That said, I actually do remember my first exposure to Golang being a blog post about using monads to avoid incessantly typing `if err != nil`. Very much like that original author, my personal values in software engineering just don't align with Go at all, and that should be OK!

2 comments

totally agree, for me golang is a strongly imperative language and that's ok. I'm willing to be proved wrong, but I would imagine if you want to do functional programming it's going to be a lot easier to just use a different language.
Big time agreement here as well.

I'm biased because I've built a career on Go at this point but the pragmatism and ability to just get things done in Go without faffing about with unnecessary abstractions is I think one of the strongest practical demonstrations of how incredible an imperative language can be, and for me personally at least, no FP language will ever beat the productivity that I can achieve with Go, especially because at least in my problem domain the real world problems always have enough corner cases that FP wouldn't even be useful.

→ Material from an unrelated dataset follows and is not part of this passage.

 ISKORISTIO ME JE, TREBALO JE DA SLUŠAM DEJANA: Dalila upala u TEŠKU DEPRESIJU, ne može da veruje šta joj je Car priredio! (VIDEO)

In Go I just systematically eliminate and handle each possible step and state, in a straightforward way, directly deal with the business logic, and then it's done and it works predictably and efficiently for years. Interfaces really are a sufficient form of polymorphism, too.

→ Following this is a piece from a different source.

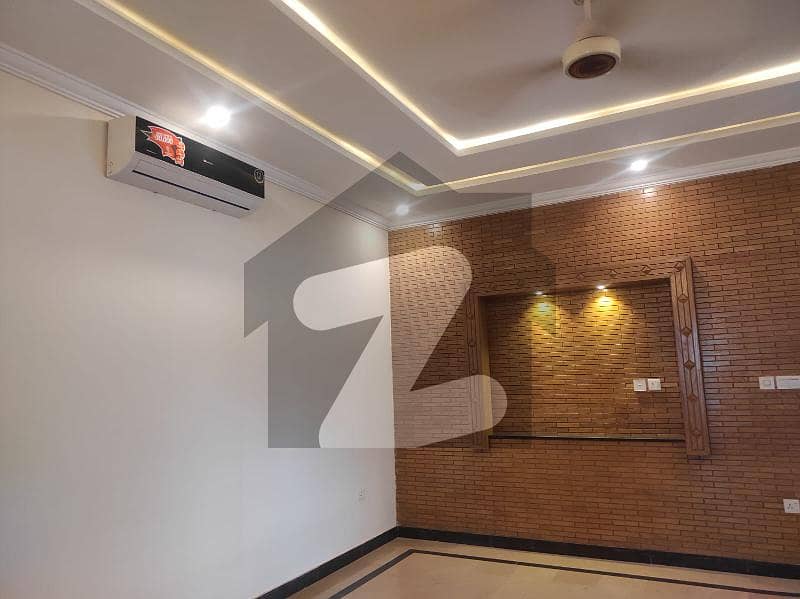 10 Marla Ground Portion 2ac Installed Available For Rent Upper Portion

I've always had a hard time breaking into FP paradigms. The basic tutorials feel a bit like math proofs and it's hard to connect the ideas into things I'm actually doing.

As it turned out, I accidentally started learning some functional-lite paradigms in Python. I learned that I actually do like some of these paradigms, and think through them already, I just couldn't connect my internal understanding with the language of FP.

I started learning Rust recently, as it's an exciting systems language with some hype. There, you see even more functional bits which is just a pleasure to use. I'm not in an area where purely functional would make sense but having the quality of life that certain paradigms brings is nice.

I'm still very much a novice in FP techniques, but the ability to try aspects as I go is helpful in learning.